C++ Logo

sg15

Advanced search

Re: [Tooling] [isocpp-modules] Dependency information for module-aware build tools

From: Ben Boeckel <ben.boeckel_at_[hidden]>
Date: Thu, 7 Mar 2019 11:13:35 -0500
On Thu, Mar 07, 2019 at 10:59:20 -0500, Tom Honermann wrote:
> For example, consider a file name consisting of the octets { 0x86, 0x89,
> 0x93, 0x85, 0x59 }. In EBCDIC code page 37, this denotes a file name
> "fileß", but in EBCDIC code page 273 denotes "file~". The suggestion
> then is, when generating the JSON file, if the current locale setting is
> CP37, to use the UTF-8 encoded name "fileß" as a normal JSON string.
> Tools consuming the file would then have to transcode the UTF-8 provided
> name back to the original locale to open the file.

This would require build tools to do more than "just" sling strings
around. iconv is not a light dependency… It also means that compilers
can't do the (trivial) `is_valid_utf8` check and instead have to also do
transcoding. And know the name of the encoding used. On Linux, you don't
have that information at all. For example, my locale is all
`en_US.UTF-8`, but nothing stops me from having a Shift-JIS filename
anywhere (and I do have a few in archives of mid-2000-era software). How
is a compiler supposed to know what the encoding of `readdir->d_name` is
here?

> Previously, I had suggested that the locales must match for the producer
> and consumer and that it be UB otherwise (effectively leading to file
> not found errors). However, I think it would be better to store the
> encoding used to interpret the file name at generation time (if it isn't
> UTF-8) in the file to allow tools to accurately reverse the UTF-8
> encoding. The supported encodings and the spelling of their names
> would, of course, be implementation/platform defined.

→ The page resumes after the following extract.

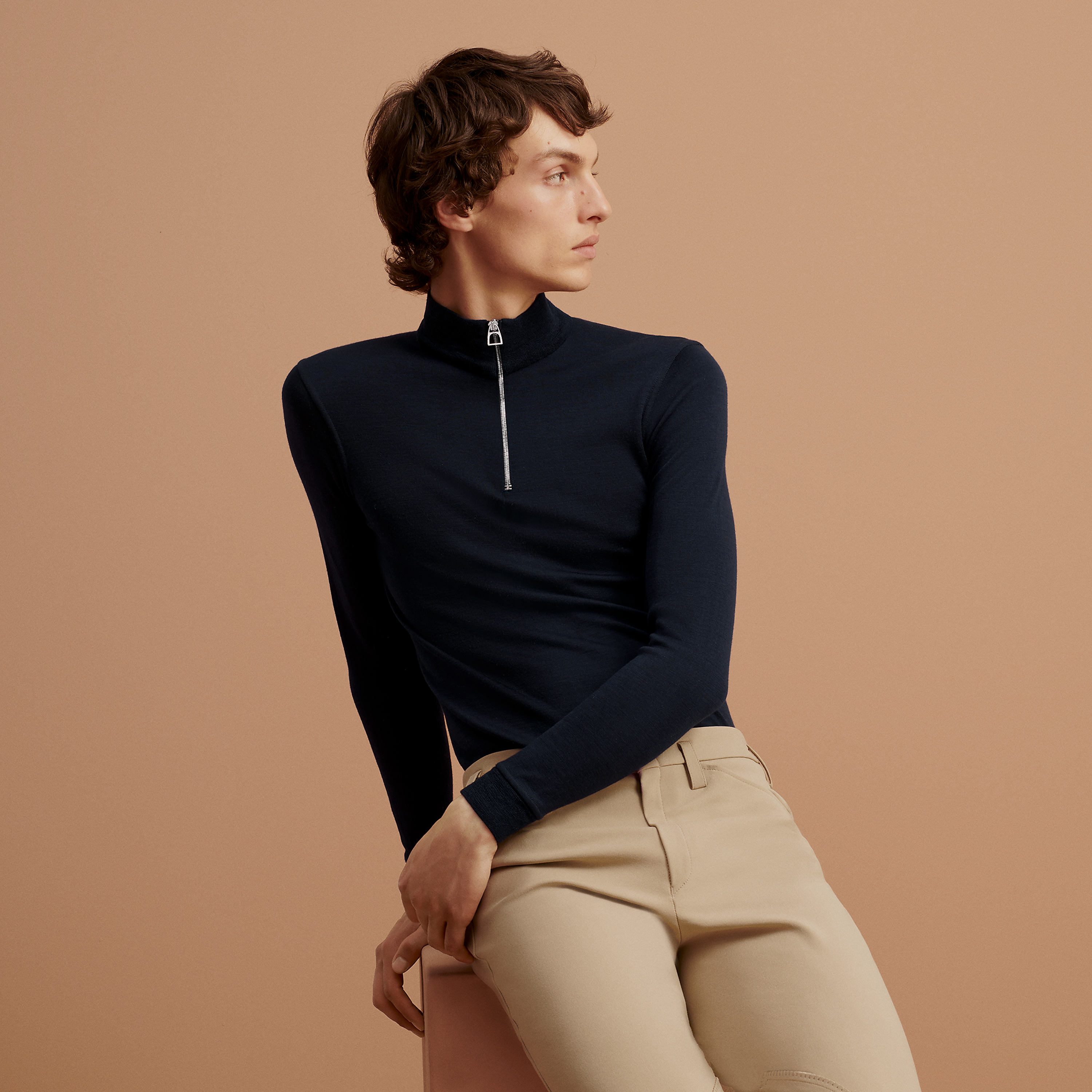 Cocoon base layer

Build tools already have enough things to worry about. Transcoding and
code pages is not something I want a /dependency file format/ to require
them to handle.

> On 3/7/19 10:30 AM, Ben Boeckel wrote:
> > Note that if you'd like to have a readable filename, adding it as a
> > `_readable` key with a human-readable utf-8 transcoding to the filename
> > would be supported (see my message with the JSON schema bits from
> > yesterday).
>
> That seems reasonable to me for file names that really can't be
> represented as UTF-8, but seems like noise otherwise. In other words, I
> think we should try to minimize use of raw8, raw16, etc... where possible.

Then we should probably look for a core format that doesn't require
UTF-8 and intead supports byte arrays natively (effectively making it a
binary format as far as text editors are concerned).

--Ben

Received on 2019-03-07 17:13:49